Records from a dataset
------------------------------------------------------------
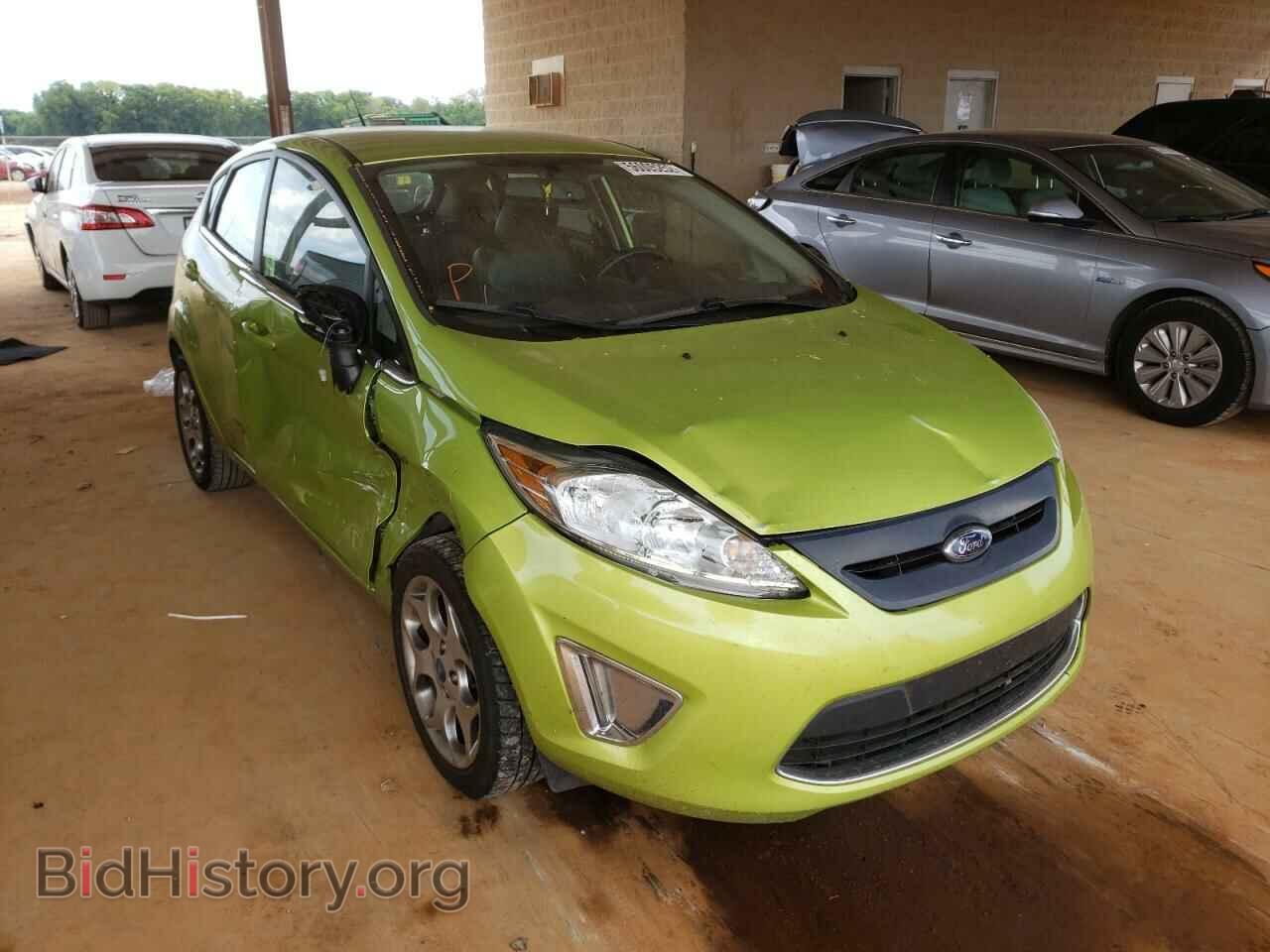 Фотография 3FADP4FJ9BM166320 - FORD FIESTA 2011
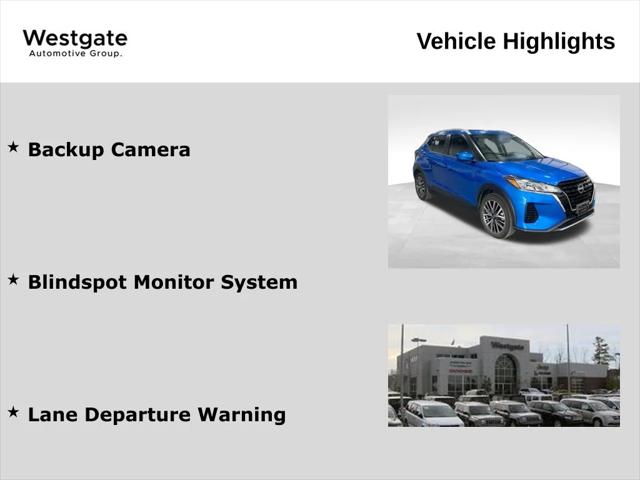2024 Nissan Kicks SV Xtronic CVT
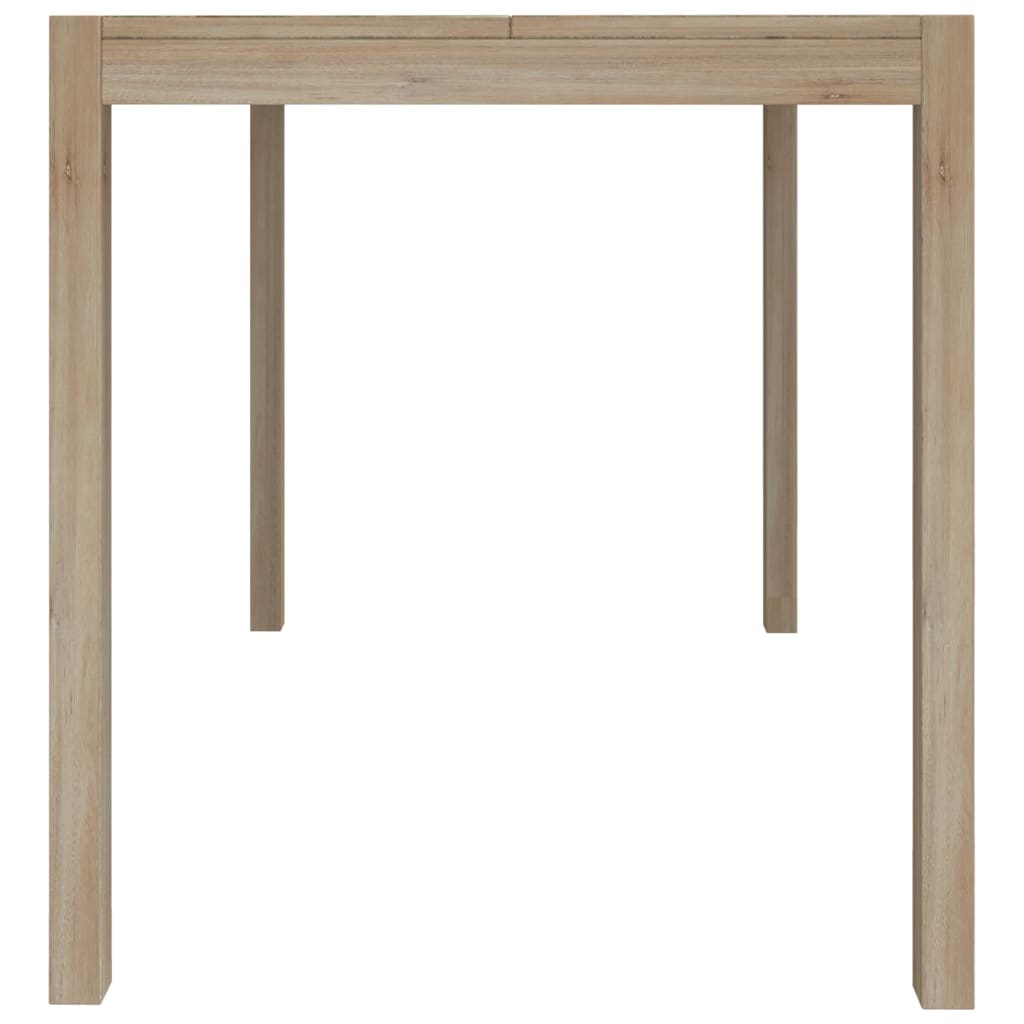 vidaXL Dining Set | Brown | Solid acacia wood | Standard | Durable | Dining Set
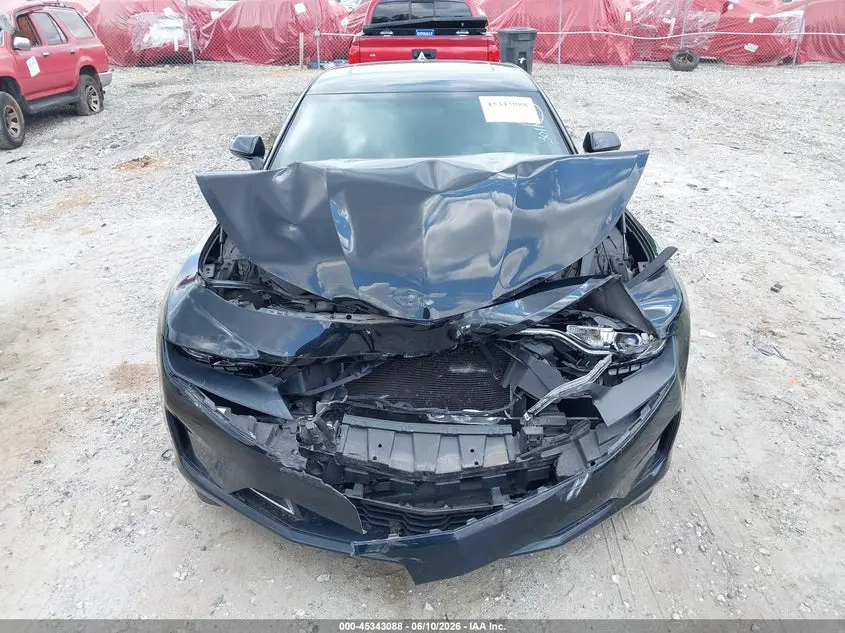 2020 CHEVROLET CAMARO RWD  1LT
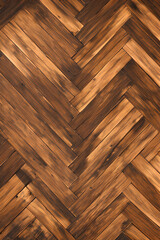 Wood Floor Texture Background created with Generative AI technology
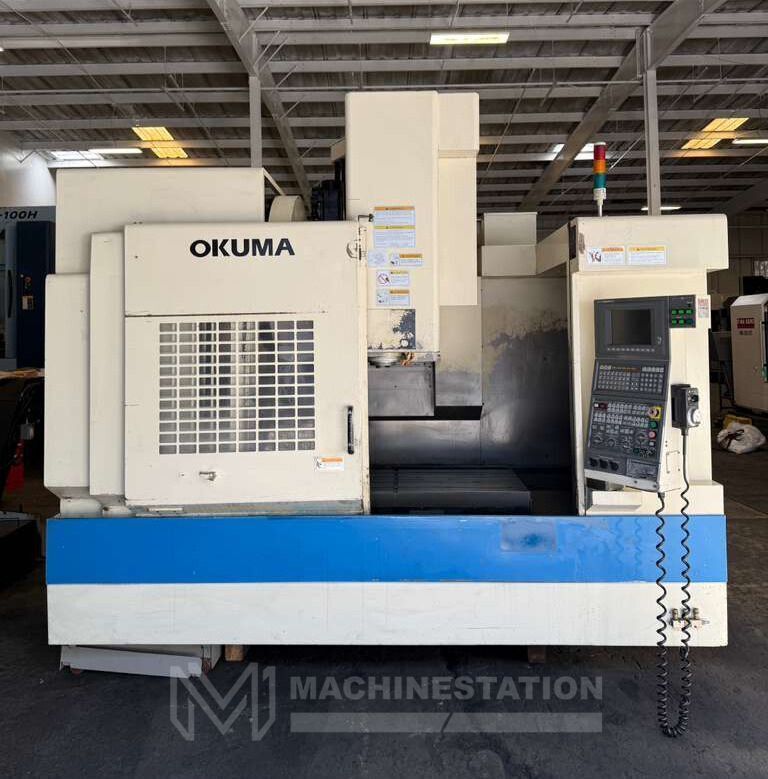 Used Okuma MX-55VB CNC Machining Center (1997) | 50 Taper Mill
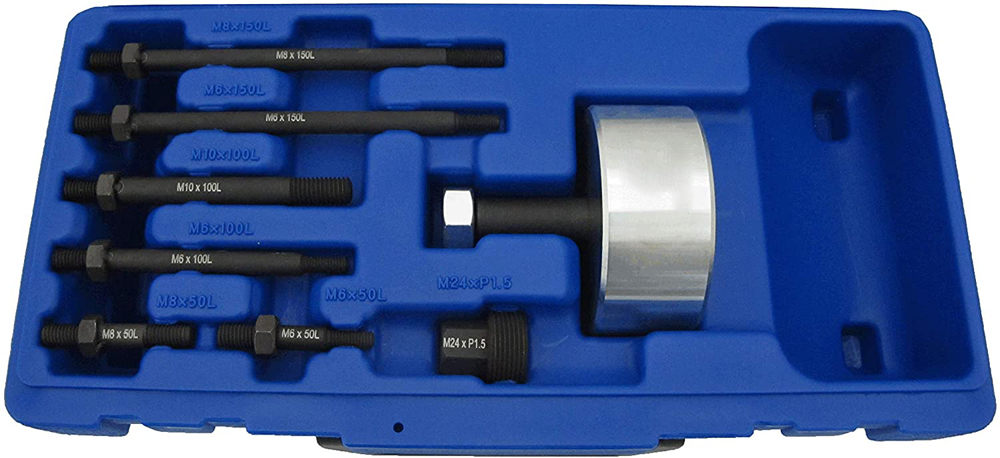 CTA Benz/BMW Rail Pin Slide Hammer Set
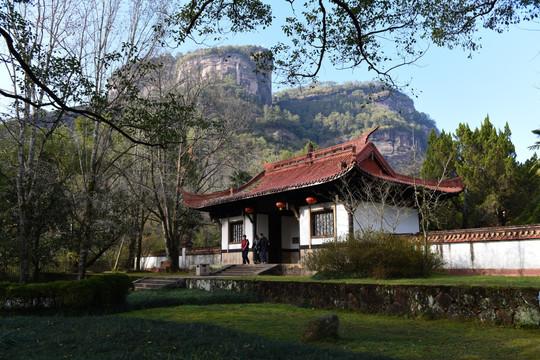 武夷山风景区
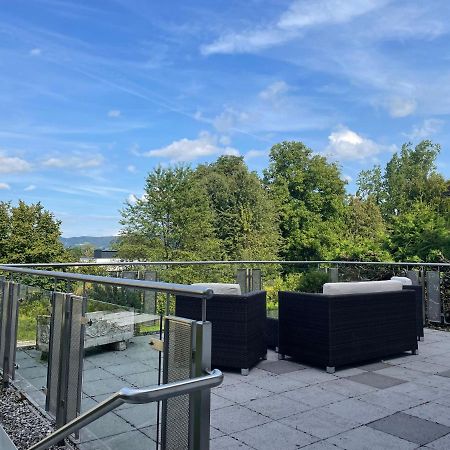 Fewo Boho 110 Qm Mit Bergblick 3 Min Bahnhof Lejlighed Laufen Eksteriør billede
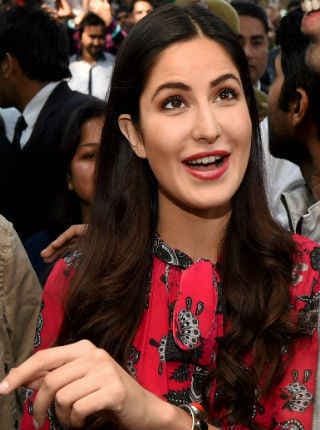 ...तो राष्‍ट्रपति बनना है कैटरीना कैफ का ''फितूर'', VIDEO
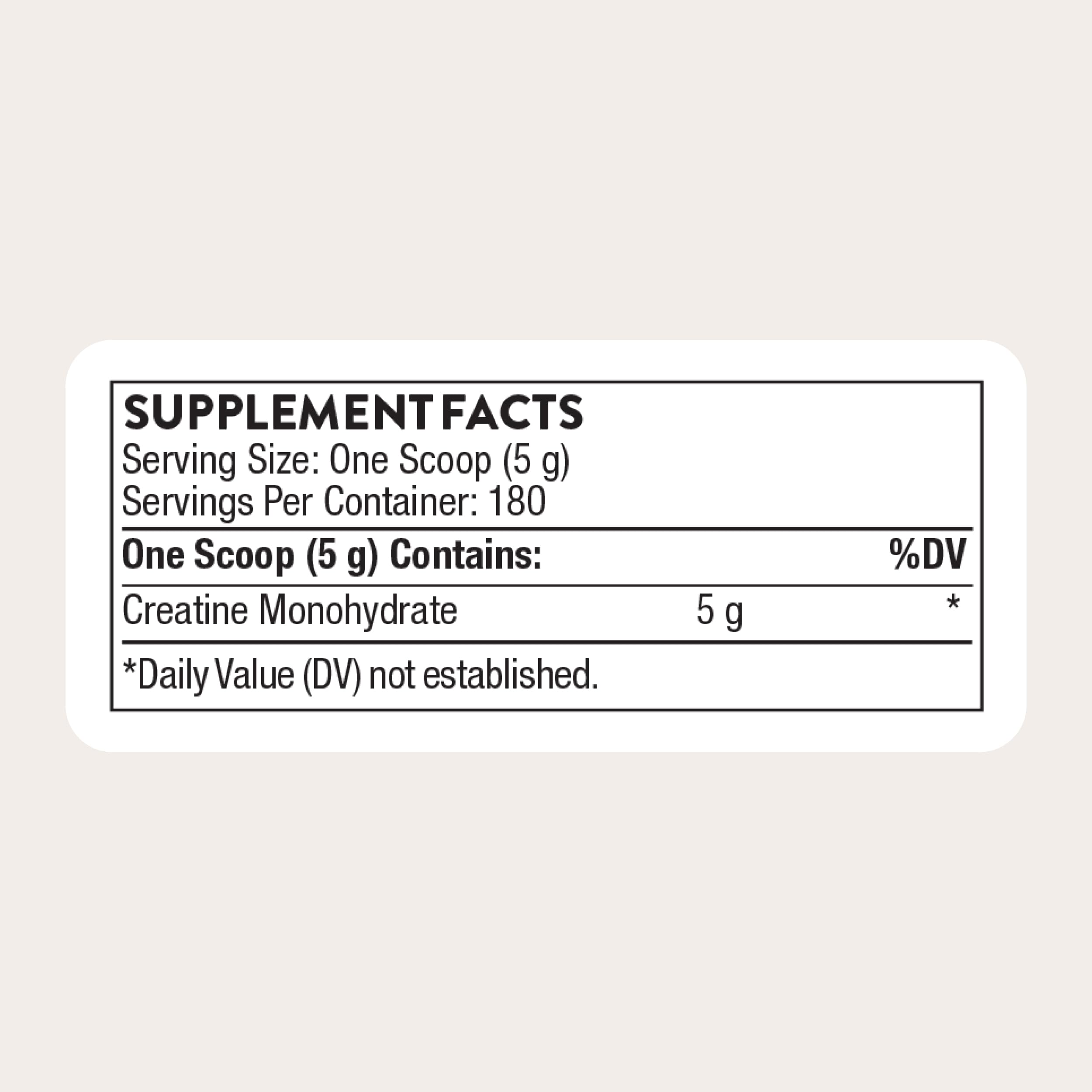 THORNE Creatine, Micronized Creatine Monohydrate Powder, 180 Servings — Amazon image 5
------------------------------------------------------------
INSTRUCTIONS TO FOLLOW: Find the line containing "का ''फितूर'', VIDEO" in the records above, then copy it and every line after it exactly, through the last one, without any pictures.

SOLVED EXERCISE:
 ...तो राष्‍ट्रपति बनना है कैटरीना कैफ का ''फितूर'', VIDEO
 THORNE Creatine, Micronized Creatine Monohydrate Powder, 180 Servings — Amazon image 5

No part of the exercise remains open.